When considering automating these workflows, we find many team automation projects follow these five phases:
You’ll still want to automate the tasks that happen the most often so your automation development is giving you the best return on investment. Determining what steps are valuable to automate might be challenging at first if your team doesn’t have a mature set of monitors and alerts to draw from. Your long-term alert and incident trends will lead you to the best candidates for automated remediation.
In this section, we’ll break down the incident response process into four sections:
- Team alerting and orchestration: Automating the process of getting the right people in the right place at the right time.

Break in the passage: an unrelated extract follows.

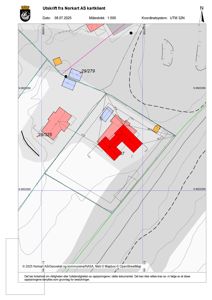 Situasjonsplan (tomtekart) som viser tomtens grenser, bygningsplasseringer, høydeforskjeller og tilstøtende eiendommer.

- Triage and state analysis: Collecting ecosystem and timeline data for the whole team
- Business communication: Keeping stakeholders informed in a timely manner
- Automation of remediation: Fixing the things that can be fixed automatically
Team Alerting and Orchestration#
If your organization has been operating in a more traditional model with a Network Operations Center (NOC) staffed by technicians around the clock, the task of notifying and coordinating responders may fall to that team. When technical systems expand and become more complex, the job of finding and notifying responders can slow down as the NOC technicians search for the right teams, the on-call responder for those teams, and that person’s contact information.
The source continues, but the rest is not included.